Most teams I work with have the same problem: they’ve instrumented their services with OpenTelemetry, they have traces flowing into their backend, and yet — when something breaks in production — the traces don’t actually help them find the problem.

This isn’t an OpenTelemetry problem. It’s a design problem.

The Instrumentation Trap

When engineers first discover OpenTelemetry, the reaction is almost always the same: instrument everything. Add spans to every function, every database call, every HTTP request. More data means more visibility, right?

Not quite.

The problem with instrumenting everything is that you end up with a trace that looks like a call stack — hundreds of spans, nested five levels deep, each one named after a function or a class method. It’s technically a trace, but it’s not useful observability data.

// What most people do: instrument the implementation
tracer.spanBuilder("UserService._loadUserFromCache").startSpan().use {
    user = cache.get(userId)
}

tracer.spanBuilder("UserService._queryDatabase").startSpan().use {
    user = db.query("SELECT * FROM users WHERE id = ?", userId)
}

This gives you timing data for your internal functions. That’s rarely what you need when debugging a production incident.

What Spans Should Tell You

A well-designed span should answer a business question, not describe an implementation detail. The key shift is moving from “what is the code doing?” to “what is the system doing?”

Compare these two approaches:

Bad span nameGood span name
UserService._loadFromDbuser.fetch
CacheManager.getcache.lookup{resource=user}
HttpClient.executeGET /api/users/{id}
JSONSerializer.serialize(not worth a span)

The good names describe what happened in terms your team can understand during an incident, not how the code works internally.

The Three Questions Every Span Should Answer

Before adding a span, ask yourself:

  1. Would this span help me during an incident?
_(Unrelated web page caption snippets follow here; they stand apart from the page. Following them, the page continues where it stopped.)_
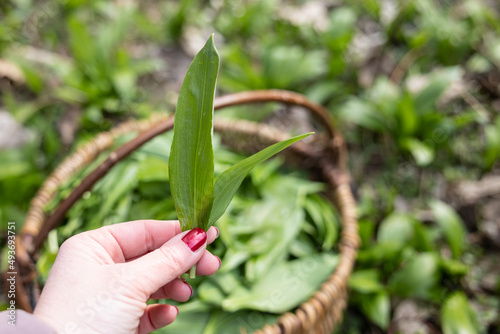 PIcking Fresh young wild garlic in the nearest forest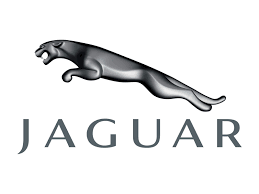 RAME ADAPTOARE JAGUAR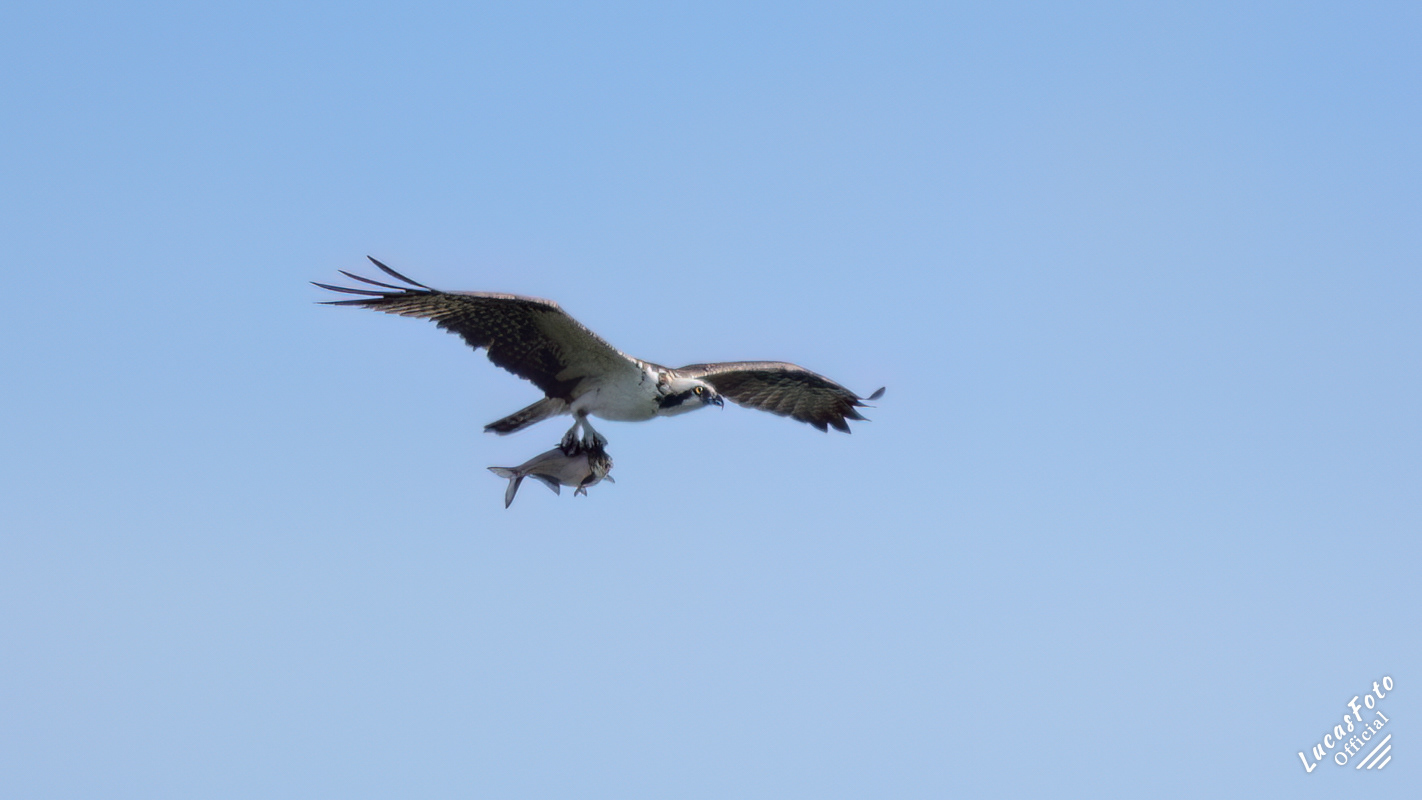 Osprey
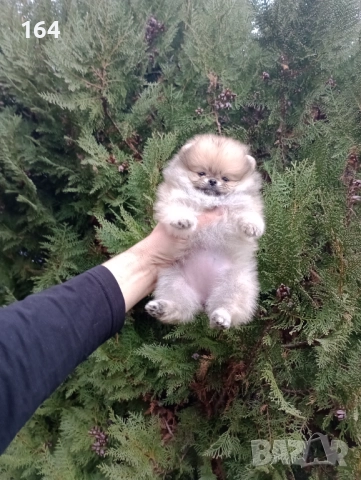 Женски Померани. Реални снимки от 07.12.25 г. , снимка 8 - Померан - 52556595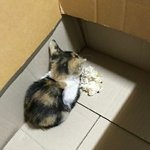 어제 화상수업 하는데 체육쌤 ㅋㅋㅋㅋ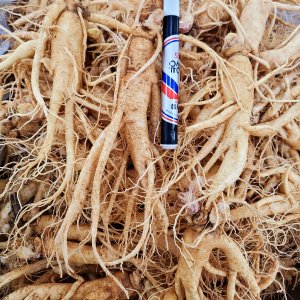 금산인삼수삼랜드 가정용 잔난발삼 믹서 750g 12뿌리내외 무료세척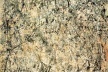“Number One”, 1948, obra em “action painting” do pintor Jackson Pollock [http://www.terraingallery.org]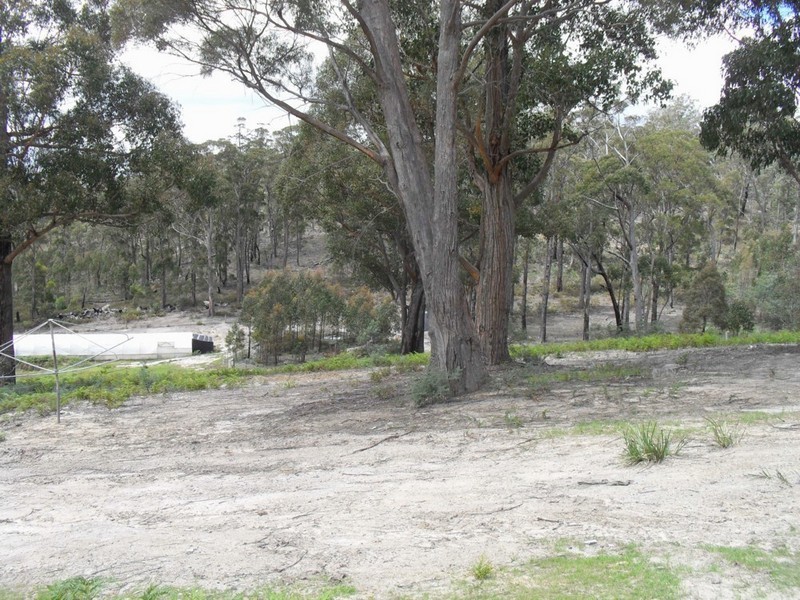 98 Cornishs Road, Elderslie TAS 7030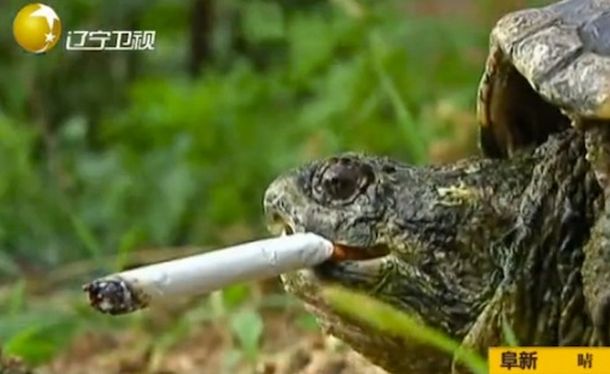 Курящая черепаха из Китая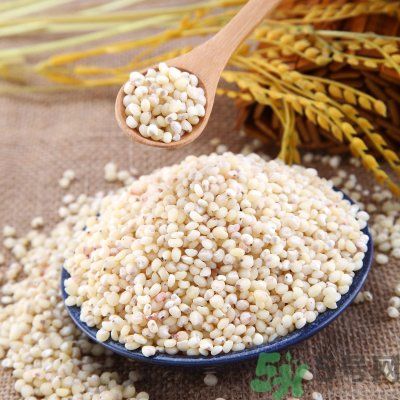 高粱米能做飯嗎？高粱米做飯好嗎？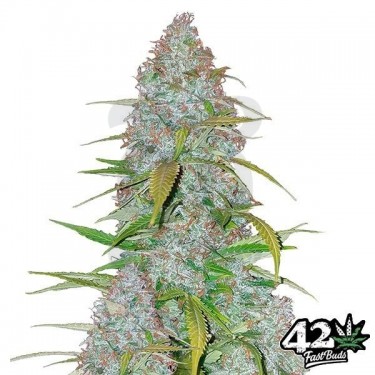 Californian Snow Auto fem. de Fast Buds - Grow Barato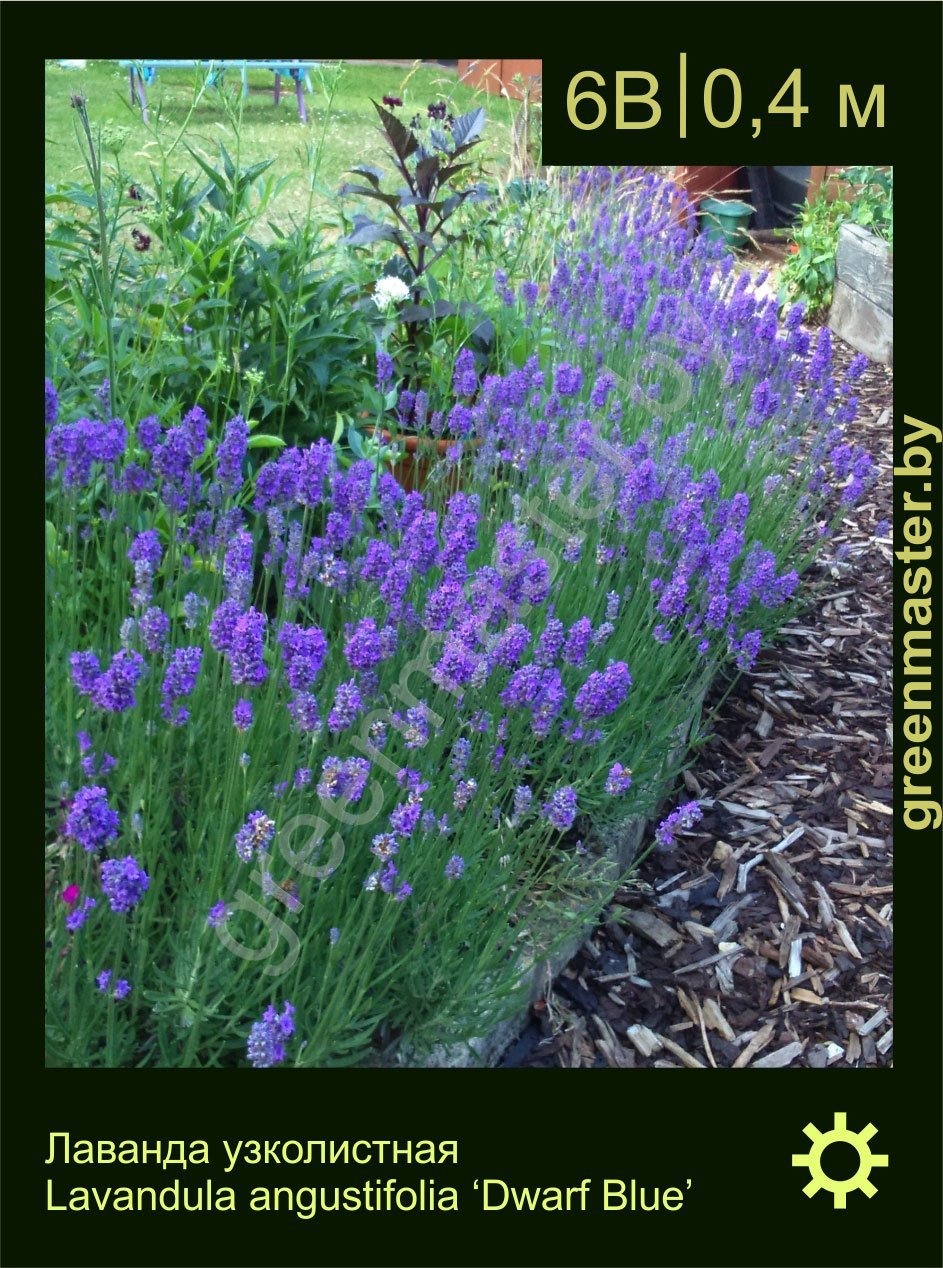 Лаванда-узколистная-Lavandula-angustifolia-‘Dwarf-Blue’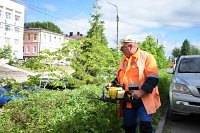 УГХ Кинешмы приступила к формированию кустарников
If you can’t imagine a scenario where you’d be grateful this span existed at 3am, don’t add it.
  2. Does this span represent a meaningful unit of work? Spans should map to something a non-engineer could understand — “fetch user”, “send email”, “process payment” — not “call method”.
  3. Does this span have useful attributes? A span without context is almost useless. If you’re adding a user.fetch span, make sure it carries user.id, db.name, and whether it was a cache hit.

Attributes Are More Important Than Spans

Here’s the thing most teams get wrong: the value of a trace isn’t the spans themselves — it’s the attributes attached to those spans.

tracer.spanBuilder("user.fetch").startSpan().use { span ->
    span.setAttribute("user.id", userId)
    span.setAttribute("db.name", "users_primary")
    span.setAttribute("cache.hit", false)

    val user = db.fetchUser(userId)

    span.setAttribute("user.tier", user.subscriptionTier)
    span.setAttribute("user.region", user.region)

    user
}

Now when you’re debugging a latency spike, you can filter by user.region = "eu-west" or user.tier = "free" and immediately narrow down whether the issue affects all users or a specific segment.

A Practical Heuristic

When reviewing instrumentation, I use this rule: one span per I/O boundary, plus spans for significant business operations.

  • Every external HTTP call: one span
  • Every database query (not each query in a loop): one span per logical operation
  • Every cache operation (check + set): one span
  • Payment processing, order creation, email sending: one span each
  • Internal method calls, JSON serialization, string manipulation: no spans

This keeps your traces readable and your trace storage costs manageable.

A well-structured Kotlin service might look like this:

class OrderService(private val tracer: Tracer) {

    fun processOrder(orderId: String, userId: String): Order {
        // ONE span for the business operation
        return tracer.spanBuilder("order.process")
            .startSpan()
            .use { span ->
                span.setAttribute("order.id", orderId)
                span.setAttribute("user.id", userId)

                // Internal methods — no extra spans needed
                val order = fetchOrder(orderId)
                validateOrder(order)

                // ONE span per external I/O boundary
                val payment = chargePayment(order)  // has its own span inside
                notifyWarehouse(order)               // has its own span inside

                span.setAttribute("order.amount", order.totalAmount)
                span.setAttribute("payment.id", payment.id)
                order
            }
    }

    private fun chargePayment(order: Order): Payment {
        return tracer.spanBuilder("payment.charge")
            .setSpanKind(SpanKind.CLIENT)
            .startSpan()
            .use { span ->
                span.setAttribute("payment.provider", "stripe")
                span.setAttribute("payment.amount", order.totalAmount)
                paymentGateway.charge(order)
            }
    }
}

Conclusion

Effective observability isn’t about collecting more data — it’s about collecting the right data. Start by defining what questions you need to answer during incidents, then design your instrumentation to answer those questions.

If you can look at a trace during a production incident and immediately understand what the system was doing, which external calls were slow, and what user context was involved — your instrumentation is good. If you’re staring at a wall of nested function names, start over.